Credit: Terry Camilleri

The dignity which work confers on the human being and the love of family which is the true motor of the economy were the main themes on which the Bishop of Gozo, Mario Grech dwelt on, on the occasion of St Joseph the Worker, patron saint of all workers. Celebrating mass at the Ministry for Gozo, Bishop Grech said that work and the family are intrinsically conjoined.

Bishop Grech said in the current economic situation, the discussion which had already started on the concepts of a ‘living wage’ or a ‘family wage’ might perhaps be continued and explored further. In raising this point, Bishop Grech noted that that the thought of providing for the family motivates workers and lubricates the economy, both in good times and in bad. When work is scarce, the family suffers but, he warned also of the dangers of excessive work.

In medio stat virtus

Bishop Grech praised the recent legislative steps taken to ensure an appropriate work-life balance warning that the treadmill of an economy driven life hits family life negatively. Second jobs, excessive overtime and such extra economic activity, while providing income will lead to burn out and second jobs, excessive overtime and such extra economic activity, while providing income will lead to burn out and are detrimental to family life. Moderation is key, said Bishop Grech, and in this moderation, the choices must be carefully weighed and made.

Need for quality time

Bishop Grech acknowledged that what is considered as a necessity, today, is more than that in previous generation. He said that in spite of all that is available there are still families who cannot afford to educate their children properly. He extended the concept of affordability not just to the financial aspect but also included the aspect of quality time. He raised the issue of the structuring of parental leave when children are born and said that conditions of work should ensure that there is sufficient time for the couple to invest in each other, in their children and in family life. “Work-life balance conditions many of the choices made by the family and on the familial relationships, societal relationships and its relationship with the Church” said the Bishop of Gozo. He observed that, not infrequently, personal prayer and spirituality are shunted aside for the benefit of work.
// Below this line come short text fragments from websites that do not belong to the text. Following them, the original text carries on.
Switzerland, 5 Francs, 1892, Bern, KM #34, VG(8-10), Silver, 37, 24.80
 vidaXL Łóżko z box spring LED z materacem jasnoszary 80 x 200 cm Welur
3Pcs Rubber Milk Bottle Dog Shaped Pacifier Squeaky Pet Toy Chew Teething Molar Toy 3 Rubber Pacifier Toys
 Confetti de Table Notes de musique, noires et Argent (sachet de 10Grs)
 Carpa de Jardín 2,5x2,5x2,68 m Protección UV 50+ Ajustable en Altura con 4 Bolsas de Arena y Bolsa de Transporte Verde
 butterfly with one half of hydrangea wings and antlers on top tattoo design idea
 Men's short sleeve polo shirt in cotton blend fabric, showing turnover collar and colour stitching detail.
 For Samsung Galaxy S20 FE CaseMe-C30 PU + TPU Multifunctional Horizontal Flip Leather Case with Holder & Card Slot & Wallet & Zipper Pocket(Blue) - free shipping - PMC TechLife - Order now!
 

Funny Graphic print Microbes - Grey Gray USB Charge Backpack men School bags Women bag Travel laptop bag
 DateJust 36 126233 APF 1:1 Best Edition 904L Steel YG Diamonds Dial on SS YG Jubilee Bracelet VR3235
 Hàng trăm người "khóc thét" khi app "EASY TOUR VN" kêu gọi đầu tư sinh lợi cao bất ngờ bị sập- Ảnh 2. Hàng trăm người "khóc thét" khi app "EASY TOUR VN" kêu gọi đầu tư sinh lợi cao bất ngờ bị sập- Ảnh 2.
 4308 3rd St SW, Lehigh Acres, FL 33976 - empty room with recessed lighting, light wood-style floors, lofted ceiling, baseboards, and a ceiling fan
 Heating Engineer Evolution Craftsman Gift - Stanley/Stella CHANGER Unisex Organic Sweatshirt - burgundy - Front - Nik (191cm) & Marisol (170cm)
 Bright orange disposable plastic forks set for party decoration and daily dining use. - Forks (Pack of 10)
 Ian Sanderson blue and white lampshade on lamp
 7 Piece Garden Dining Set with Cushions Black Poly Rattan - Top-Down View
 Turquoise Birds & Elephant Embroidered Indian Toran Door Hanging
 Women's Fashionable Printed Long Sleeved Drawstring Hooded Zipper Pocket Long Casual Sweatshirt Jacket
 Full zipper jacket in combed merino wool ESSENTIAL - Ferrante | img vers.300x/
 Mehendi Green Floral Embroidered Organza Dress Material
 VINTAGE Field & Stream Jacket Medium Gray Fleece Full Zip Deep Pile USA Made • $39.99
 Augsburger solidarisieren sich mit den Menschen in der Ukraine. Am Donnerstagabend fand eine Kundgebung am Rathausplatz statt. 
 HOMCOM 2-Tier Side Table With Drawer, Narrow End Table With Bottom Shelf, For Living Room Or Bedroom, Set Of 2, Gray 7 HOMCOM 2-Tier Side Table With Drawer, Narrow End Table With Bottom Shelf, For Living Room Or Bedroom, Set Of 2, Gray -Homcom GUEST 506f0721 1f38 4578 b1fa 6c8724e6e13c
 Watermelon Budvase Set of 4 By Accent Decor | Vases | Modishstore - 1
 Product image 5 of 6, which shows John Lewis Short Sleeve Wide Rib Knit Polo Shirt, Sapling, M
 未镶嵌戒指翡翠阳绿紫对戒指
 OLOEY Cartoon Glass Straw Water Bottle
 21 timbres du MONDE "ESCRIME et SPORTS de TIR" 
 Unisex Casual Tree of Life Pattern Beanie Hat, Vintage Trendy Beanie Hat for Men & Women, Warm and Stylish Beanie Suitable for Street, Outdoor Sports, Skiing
This impoverishes the person and the family unit.

Mutual respect

In his conclusion, Bishop Grech said that those who provide work deserve praise for, not only the creation of the work, but also for the the great responsibility the employers have to the families they support. “It is every worker’s responsibility not to abuse his place of work and to be fair with the employer. If not, the repercussions will hit all employees hard” said Bishop Grech. He praised Maltese society’s social conscience and expressed the hope that the winds of globalisation will not sweep this away.